Thousands of ethnic Albanians took to the streets of Skopje on Friday for a “protest for justice”, demanding freedom for the five ethnic Albanians who were sentenced to prison on Tuesday for the 2012 murders of five ethnic Macedonians.
The protest organised by the families and supporters of the convicted man started in Skopje’s Albanian-dominated municipality of Cair, with people shouting “Justice for Albanians” and calling politicians and the judiciary “crooks”.
They also carried banners calling for the resignation of prosecutors.
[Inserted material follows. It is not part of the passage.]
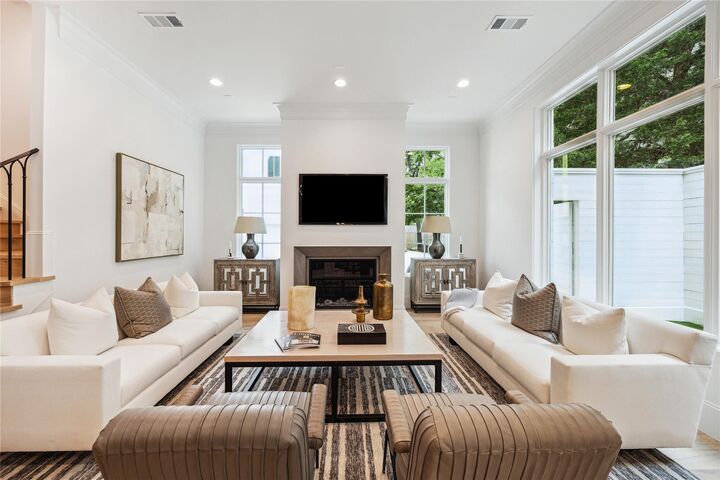 Property Photo: 16 Wentworth Square Avenue TX 77027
One placard read: “Macedonia has corrupt courts and prosecutors.”
Violence broke out after a brief stand-off with armed riot police escalated who had cordoned off the boulevard leading towards the court buildings complex in central Skopje, which was the protestors’ intended destination.
After a series of scuffles, with protestors trying to breach the police line and throwing stones and other heavy objects at the officers, the protest that was organised by the families and supporters of the convicted people, the clashes escalated.
A team of reporters from North Macedonia’s state news agency MIA was attacked just seconds before the police went on the offensive to push the protestors away from central Skopje and back towards the Cair municipality.
As the throwing of rocks continued, the police used shock grenades and armoured vehicles to disperse the crowd, which retreated to the city’s landmark Bit Pazar, an open-air market.
The violence did not last long, and as police ceased to pursue protesters further into the market, the situation calmed and the crowds dispersed.
The demonstration in Skopje follows Tuesday’s verdict in an ethnically-charged, politically contentious retrial of six ethnic Albanians for the 2012 murders of five Macedonian men.
Three defendants were sent to life in prison, two were given long jail sentences while one was acquitted at the retrial.
However the retrial failed to shed new light on the case and quell speculation about whether the suspects were set up by the authorities and made scapegoats for political reasons by the authoritarian government of Prime Minister Nikola Gruevski, which was in power at the time.